Pengendalian hama dan penyakit
merupakan kegiatan rutin atau tindakan preventif yang dilakukan petani bawang
merah. Umumnya kegiatan ini dilakukan pada minggu kedua setelah tanam dan
terakhir pada minggu kedelapan dengan dengan interval 2-3 hari.
Pengendalian
hama dan penyakit yang tidak tepat (pencampuran 2-3 jenis pestisida, dosis yang
tidak tepat, spuyer (nozzle) yang tidak standar) dapat menimbulkan masalah yang
serius (kesehatan, pemborosan, resistensi hama dan penyakit, residu pestisida,
pencemaran lingkungan dsb). Salah satu cara yang dianjurkan untuk mengurangi
jumlah pemakaian pestisida adalah dengan tidak mencampurkan beberapa jenis
pestisida, memakai konsentrasi pestisida yang dianjurkan, memakai spuyer
(nozzle) standar dengan tekanan pompa yang cukup.
3.9. Pemanenan
Bawang
merah dapat dipanen setelah umurnya cukup tua, biasanya pada umur 60 – 70 hari.

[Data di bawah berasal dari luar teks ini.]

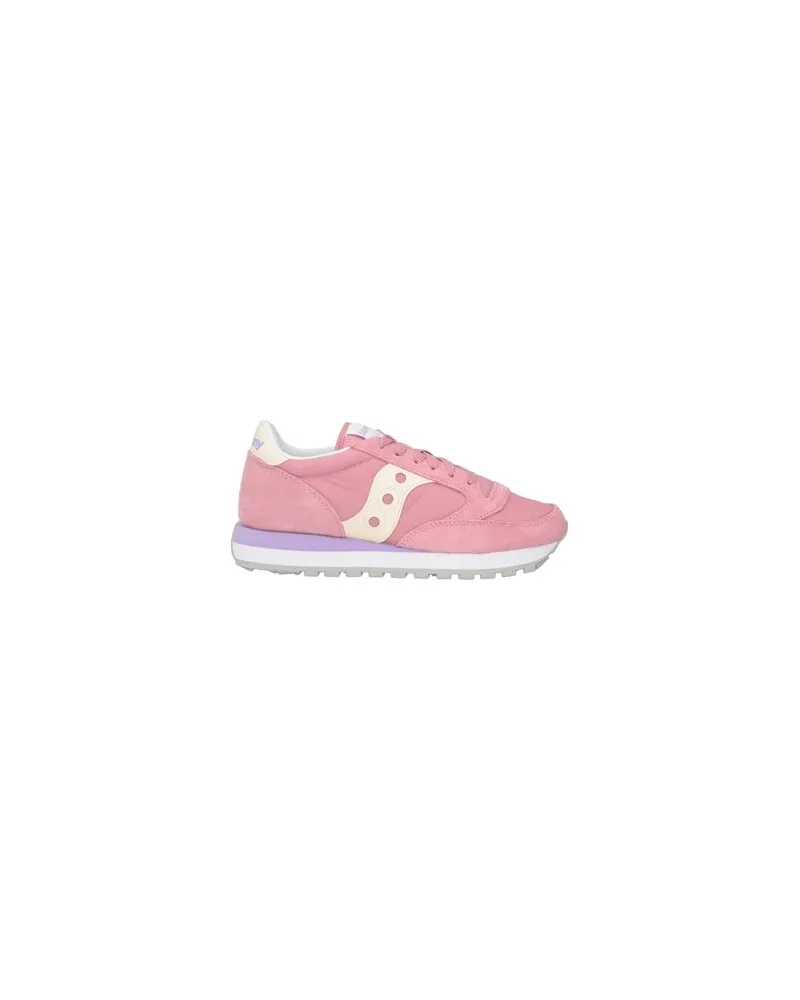 Saucony SCHUHE - Sneakersauf YOOX.COM Rosa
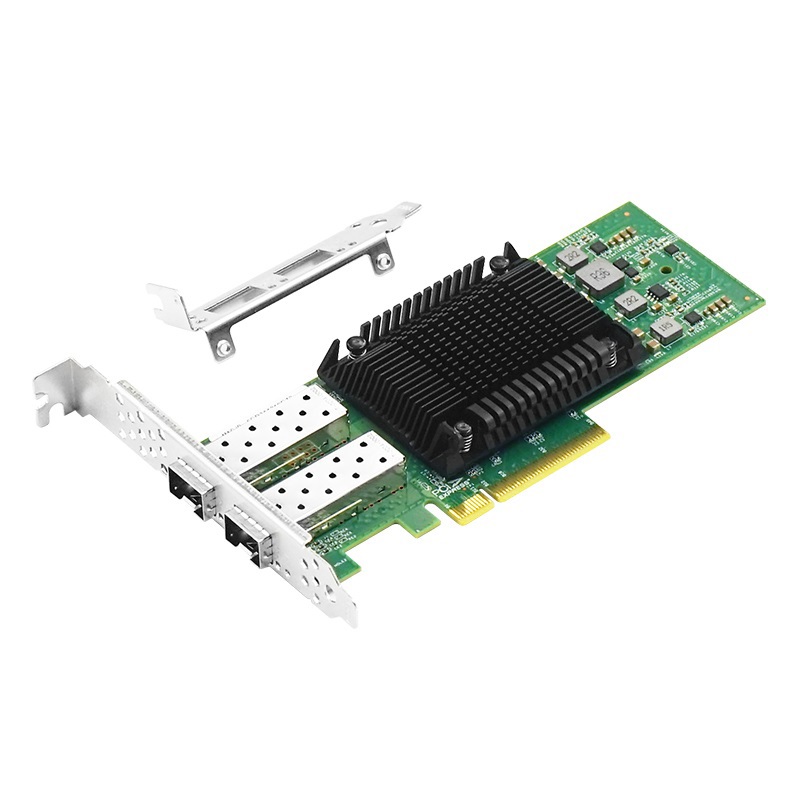 LR-Link LRES1021PF-2SFP28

Tanaman bawang merah dipanen setelah terlihat tanda-tanda 60% leher batang
lunak, tanaman rebah, dan daun menguning. Pemanenan sebaiknya dilaksanakan pada
keadaan tanah kering dan cuaca yang cerah untuk mencegah serangan penyakit
busuk umbi di gudang. Bawang merah yang telah dipanen kemudian diikat pada
batangnya untuk mempermudah penanganan. Selanjutnya umbi dijemur sampai cukup
kering (1-2 minggu) dengan dibawah sinar matahari langsung, kemudian biasanya
diikuti dengan pengelompokan berdasarkan kualitas umbi. Pengeringan juga dapat
dilakukan dengan alat pengering khusus sampai mencapai kadar air kurang lebih
80%. Apabila tidak langsung dijual, umbi bawang merah disimpan dengan cara
menggantungkan ikatan-ikatan bawang merah di gudang khusus, pada suhu 25-30 ºC
dan kelembaban yang cukup rendah (± 60-80%) (Sutarya dan Grubben 1995).